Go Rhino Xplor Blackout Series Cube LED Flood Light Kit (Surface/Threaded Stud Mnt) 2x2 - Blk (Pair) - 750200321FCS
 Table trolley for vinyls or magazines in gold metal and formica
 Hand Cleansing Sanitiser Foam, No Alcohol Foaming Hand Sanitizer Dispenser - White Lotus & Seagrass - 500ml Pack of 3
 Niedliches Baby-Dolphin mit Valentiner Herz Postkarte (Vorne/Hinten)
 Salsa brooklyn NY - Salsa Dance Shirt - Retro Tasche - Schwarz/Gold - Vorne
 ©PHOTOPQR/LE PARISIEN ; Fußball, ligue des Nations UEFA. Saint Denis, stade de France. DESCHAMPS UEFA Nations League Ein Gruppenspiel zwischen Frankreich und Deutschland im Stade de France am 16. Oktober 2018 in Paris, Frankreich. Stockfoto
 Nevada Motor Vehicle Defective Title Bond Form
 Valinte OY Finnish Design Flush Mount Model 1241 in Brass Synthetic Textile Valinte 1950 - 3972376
----------------
What you need to do: The required output is the set of lines from the first line of the data through the line that contains "Niedliches Baby-Dolphin mit", transcribed exactly.

Response below:
Go Rhino Xplor Blackout Series Cube LED Flood Light Kit (Surface/Threaded Stud Mnt) 2x2 - Blk (Pair) - 750200321FCS
 Table trolley for vinyls or magazines in gold metal and formica
 Hand Cleansing Sanitiser Foam, No Alcohol Foaming Hand Sanitizer Dispenser - White Lotus & Seagrass - 500ml Pack of 3
 Niedliches Baby-Dolphin mit Valentiner Herz Postkarte (Vorne/Hinten)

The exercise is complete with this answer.